From a benchmarking perspective, the proposed methods provide a reproducible, cross-domain baseline for future LLM creativity research, facilitating meaningful comparison across model families and prompting a richer understanding of the generative reasoning space. This is a critical advancement for both AI systems targeting autonomous scientific discovery and creative applications, as well as for theoretical understanding of how artificial agents instantiate human-like creativity axes.

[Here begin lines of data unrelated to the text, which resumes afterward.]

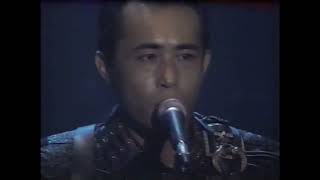世界タービンツアー Vol.2 平沢進 1990/12/02 Live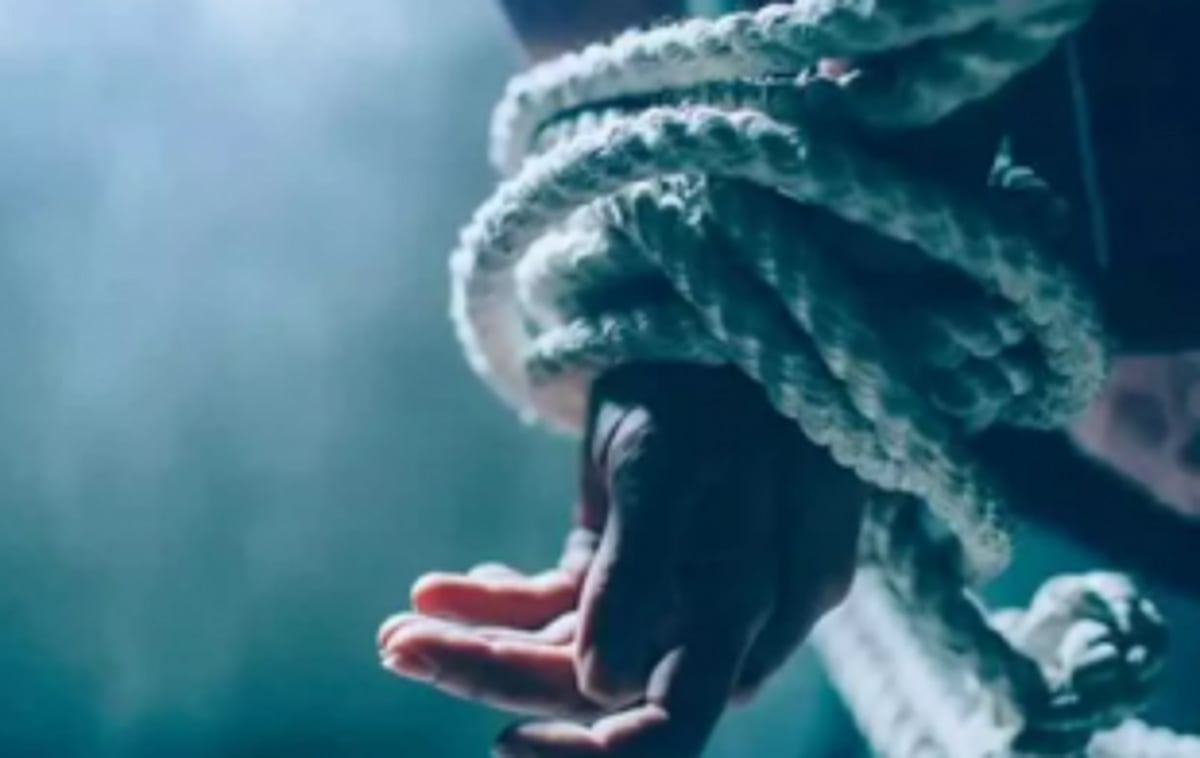 13-year-old girl kidnapped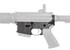 Ruger AR-556 Lower Receiver, 5.56 NATO, Black - 736676085064 
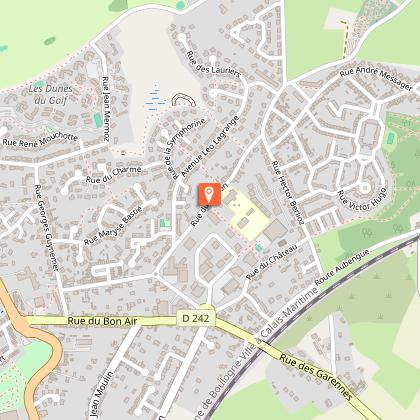 Fête traditionnelle des Guénels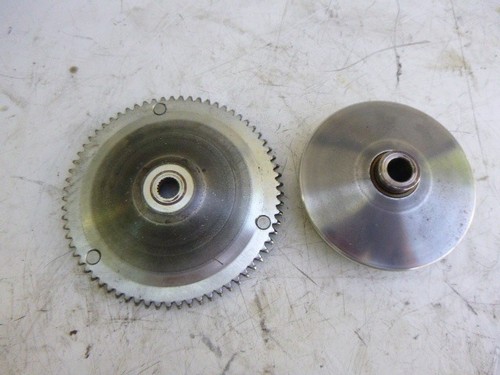 Joue fixe variateur pour - fixe,
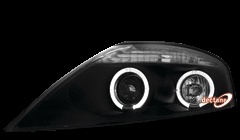 FARURI ANGEL EYES CITROEN C3 FUNDAL NEGRU -COD SWC07B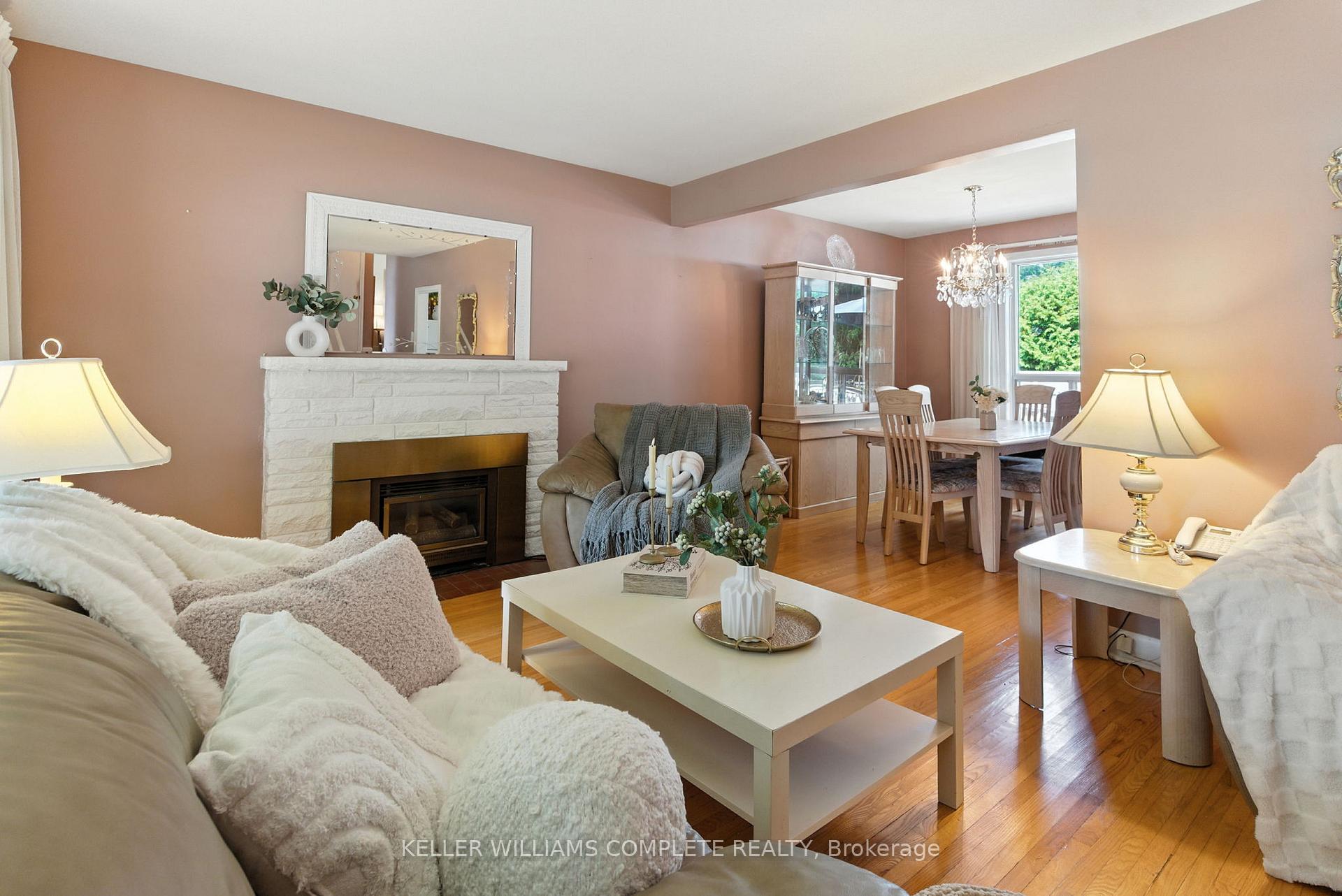 Photo 6 of 1001 Brucedale Avenue E, Hamilton, Sherwood — HOMEH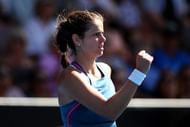 Julia Goerges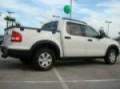 2010 Ford Explorer Sport Trac  Daytona Beach Jacksonville Orlando FL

Limitations and Future Prospects

While the framework is automated, it remains computationally intensive for large-scale experiments due to the N-way sampling and clustering required for SE computation. Reliance on LLM-based judges may introduce biases inherent to pretrained evaluators; highly unconventional solutions may be undervalued, and human interpretability might be limited in specialized or cross-disciplinary scientific domains such as HypoGen.

Prospective directions include:

  • Designing model training objectives or reinforcement signals that directly optimize semantic entropy alongside task success.
  • Exploring more efficient or scalable semantic clustering and novelty-detection techniques, possibly leveraging contrastive or retrieval-augmented architectures.
  • Extending the benchmark suite to new open-ended domains, including code generation, design synthesis, or cross-modal creative tasks.
  • Investigating adversarial or meta-level tasks that actively decouple correctness from novelty, challenging models to manifest genuinely unexpected reasoning chains.

Conclusion

This work establishes a scalable, domain-agnostic framework for assessing both divergent and convergent creativity in LLMs, validated across tasks requiring physical reasoning, scientific idea generation, and narrative skill. Semantic entropy operationalizes generative exploration in a reference-free manner, while the retrieval-based multi-agent judge enables efficient and comprehensive task fulfilment evaluation. Their empirical independence confirms the multidimensional nature of creativity, providing the community with both a new methodological toolkit and a foundation for principled further research in computational creativity and generative AI.